(Problem to solve):
In the entries below, find the line with "Bangkok: Spa Experience at Oasis Spa - FAQ" and the line with "EVIDENTE QUE LA". Return those two lines and all lines between them, exactly.

■ ■ ■

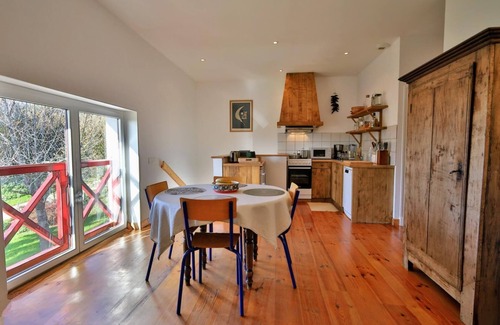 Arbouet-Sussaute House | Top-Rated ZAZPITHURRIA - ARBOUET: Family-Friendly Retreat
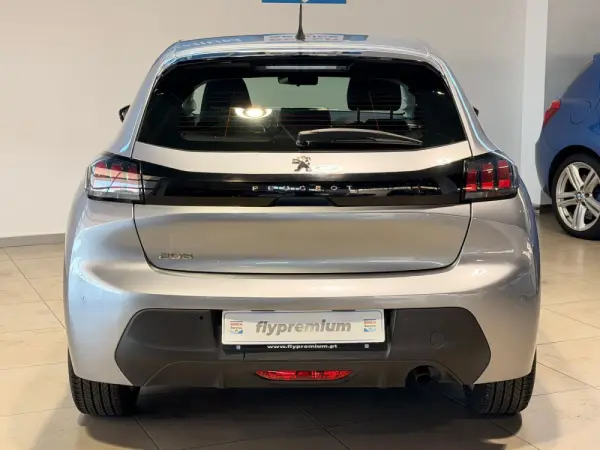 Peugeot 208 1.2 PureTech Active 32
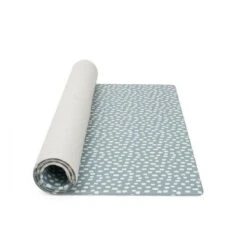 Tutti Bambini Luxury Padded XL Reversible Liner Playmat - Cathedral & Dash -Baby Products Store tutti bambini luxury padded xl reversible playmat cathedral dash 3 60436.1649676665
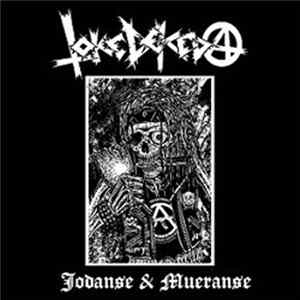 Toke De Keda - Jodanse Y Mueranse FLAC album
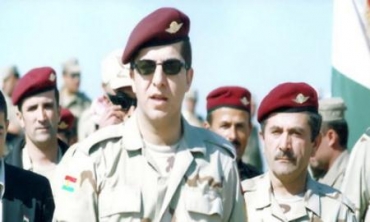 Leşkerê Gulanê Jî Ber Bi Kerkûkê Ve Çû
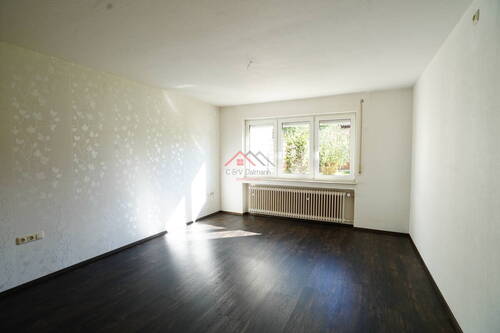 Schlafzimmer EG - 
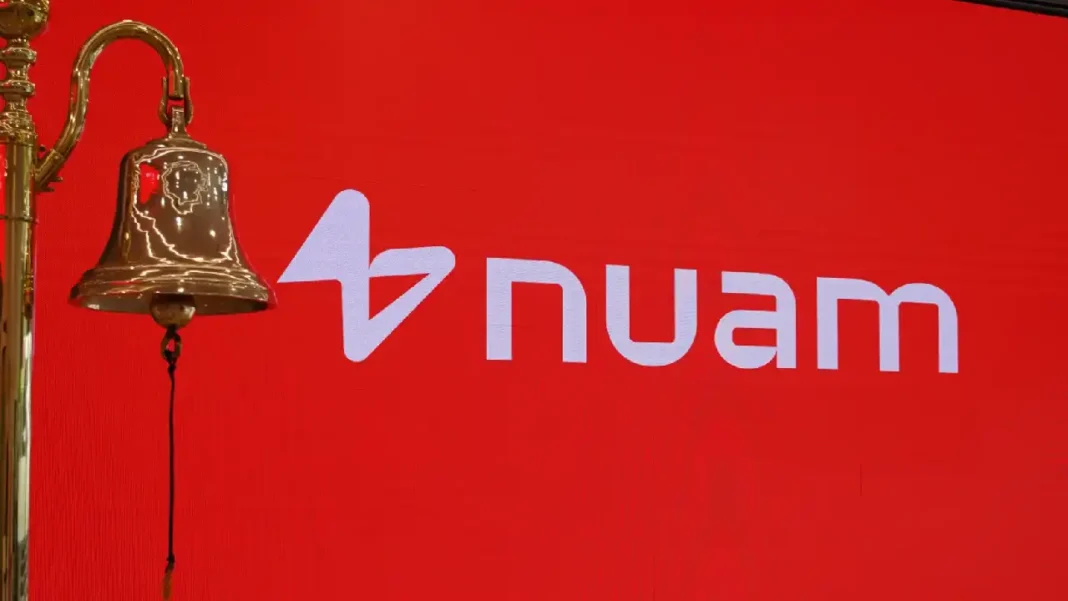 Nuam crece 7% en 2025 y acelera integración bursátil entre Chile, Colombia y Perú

■ ■ ■

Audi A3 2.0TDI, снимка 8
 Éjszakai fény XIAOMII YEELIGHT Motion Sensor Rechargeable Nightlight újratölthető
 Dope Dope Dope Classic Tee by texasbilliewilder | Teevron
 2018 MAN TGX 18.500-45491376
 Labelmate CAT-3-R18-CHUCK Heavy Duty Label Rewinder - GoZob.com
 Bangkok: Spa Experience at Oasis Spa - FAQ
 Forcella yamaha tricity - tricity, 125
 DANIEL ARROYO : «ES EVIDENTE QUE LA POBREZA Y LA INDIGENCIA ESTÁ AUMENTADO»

■ ■ ■

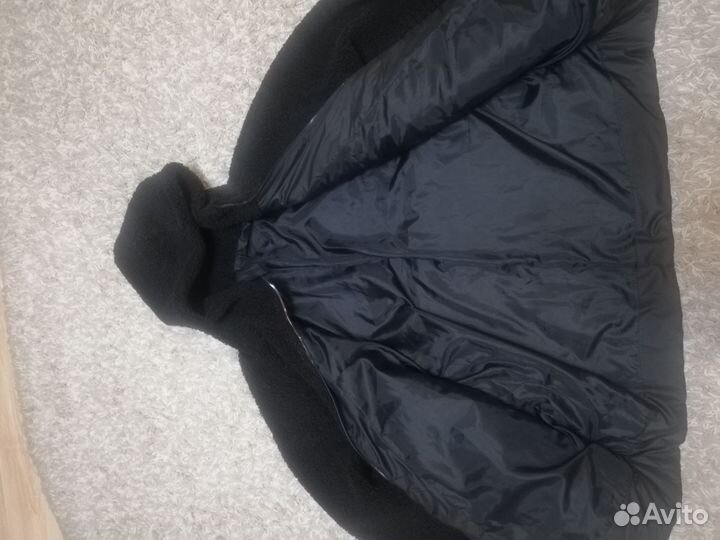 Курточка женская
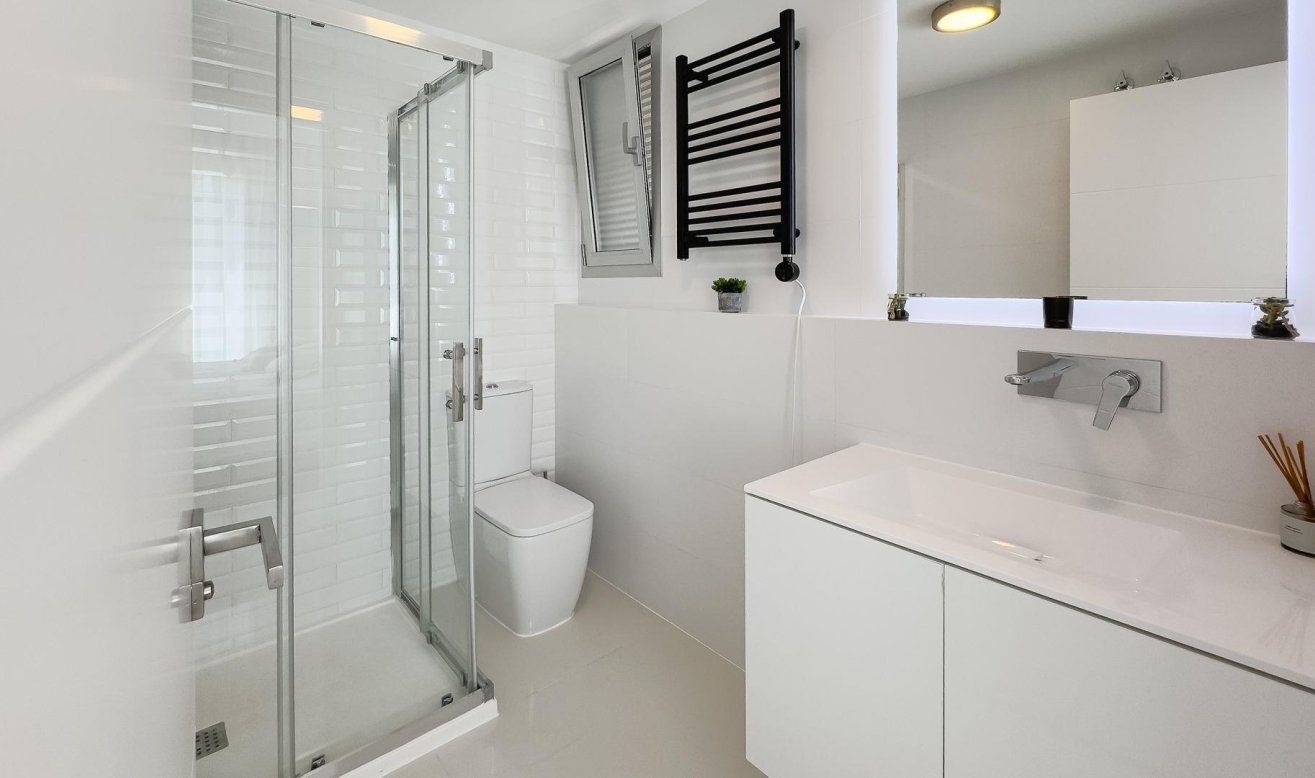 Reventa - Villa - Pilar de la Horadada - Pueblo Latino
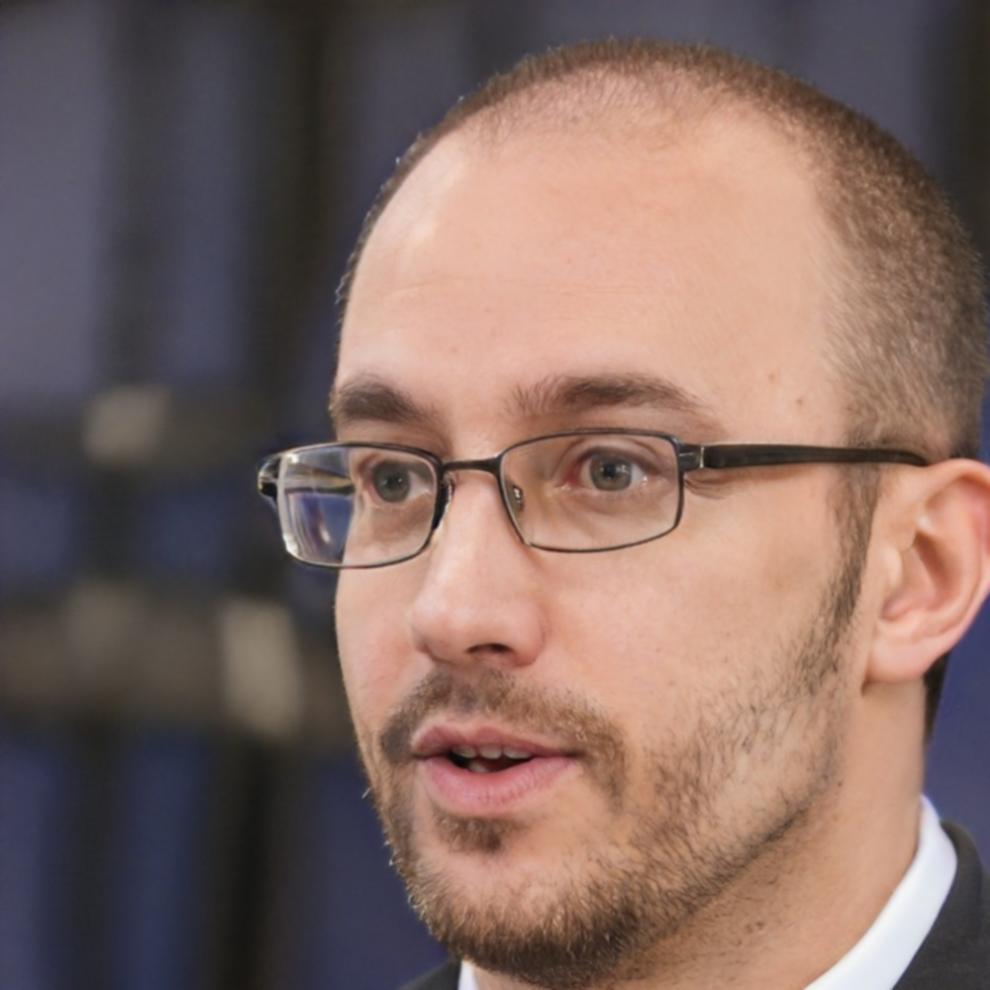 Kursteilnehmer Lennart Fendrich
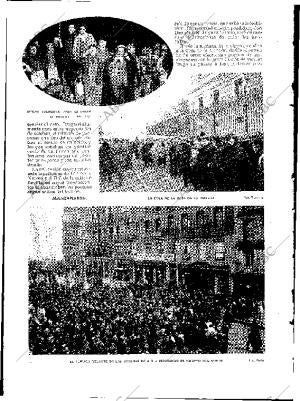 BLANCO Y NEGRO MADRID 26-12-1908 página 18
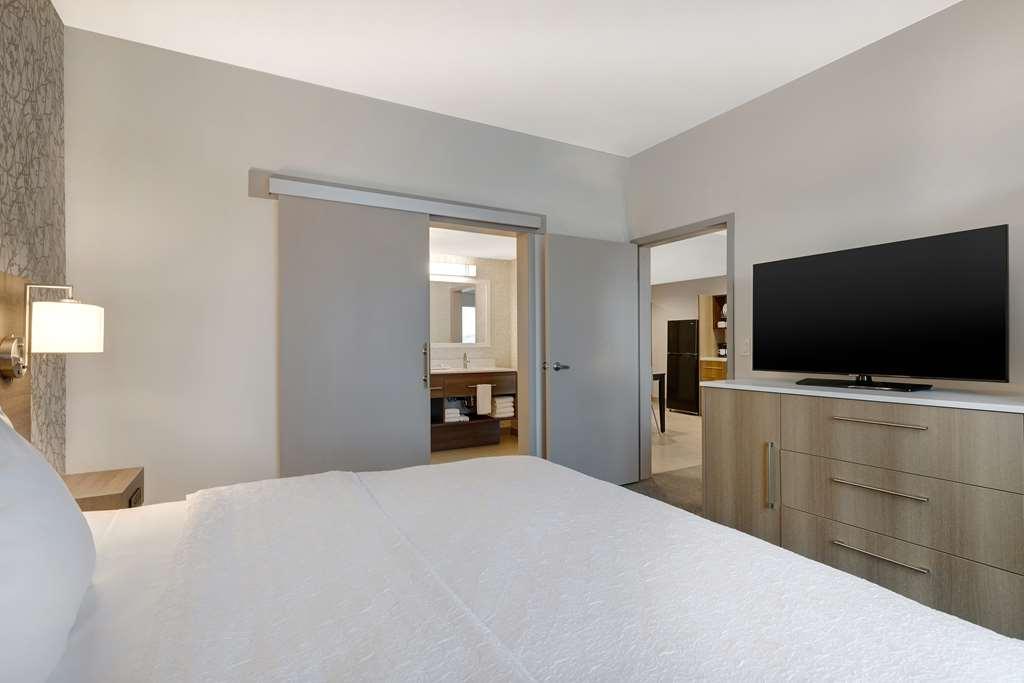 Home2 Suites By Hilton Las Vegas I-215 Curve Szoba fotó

■ ■ ■

(Answer box):
 Bangkok: Spa Experience at Oasis Spa - FAQ
 Forcella yamaha tricity - tricity, 125
 DANIEL ARROYO : «ES EVIDENTE QUE LA POBREZA Y LA INDIGENCIA ESTÁ AUMENTADO»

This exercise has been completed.